Written by Peter Barnes back in the 60s, The Ruling Class tells the story of Jack Gurney and the aftermath of him inheriting his father’s estate to become the 14th Earl of Gurney. A paranoid schizophrenic who genuinely believes he is God, he battles with his extended family to hold onto his fortune. While they want to see Jack married with an heir in order to be able to section him and take control once more, he is determined to prove his sanity.
Ahead of its time when written, this is as much about challenging our perceptions of the English aristocracy as it is about the frame of mind of the central character. And while those perceptions are perhaps less relevant in the 21st century, the play never feels outdated.
Partly that’s because the writing is undeniably sharply throughout. Barnes perfectly balances the more off the wall setups with the sincere dialogue to create a frenetic evening that constantly leaves you guessing what’s going to come next. Part comedy, part psycho-drama, part thriller, it jumps around tonally in a way that few plays dare to do. One minute you’re watching a man battling his inner demons, the next is complete farce. But with a real sense of wit and a central character who knows who he is (even if those around him are in disbelief) it works.
And it’s McAvoy that pulls it off. He’s both charming and terrifying as Jack, and there’s an energy to his performance that is tiring to watch. His name is above the title in this production, and he doesn’t let anyone forget it. By embracing the play’s slightly odder moments and inviting the audience into his mind, he’s oddly alluring.
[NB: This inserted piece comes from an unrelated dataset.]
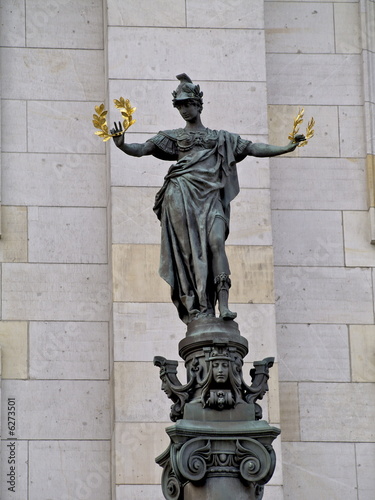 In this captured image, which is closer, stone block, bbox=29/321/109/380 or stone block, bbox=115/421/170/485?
stone block, bbox=115/421/170/485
And it’s safe to say that you won’t find another production in London where you get to see the lead character ride around on a unicycle in his y-fronts.
On the whole this is an incredibly strong cast though. Kathryn Drysdale as Jack’s wife Grace Shelley, Ron Cook as Sir Charles Gurney, Serena Evans as Lady Claire Gurney and the ridiculously endearing Anthony O’Donnell as the family butler Daniel Tucker all hold their own in a production that could have fallen flat with weaker supporting performances.
It’s a real credit to director Jamie Lloyd to be able to balance the performances so well. Particularly in a production that, as with many of Lloyd’s most recent works, toes the line between style and substance very carefully. There’s no doubt that this is a Marmite show like many of his others, but for those who are willing to give it a taste and open themselves up to a play which isn’t afraid to challenge the audience’s perceptions, it’s a rewarding piece.
Row D, seat 28. This was my first time at Trafalgar Studios and while the view was second to none (especially at the reduced rate for being slightly to the side) it wasn’t the most comfortable seat I’ve been in. Being on the curve and with a fold down seat that almost turns to a bench, there were times that felt a bit like my neighbour was about to get on my lap. Still in such close proximity to the stage, I can’t complain too much.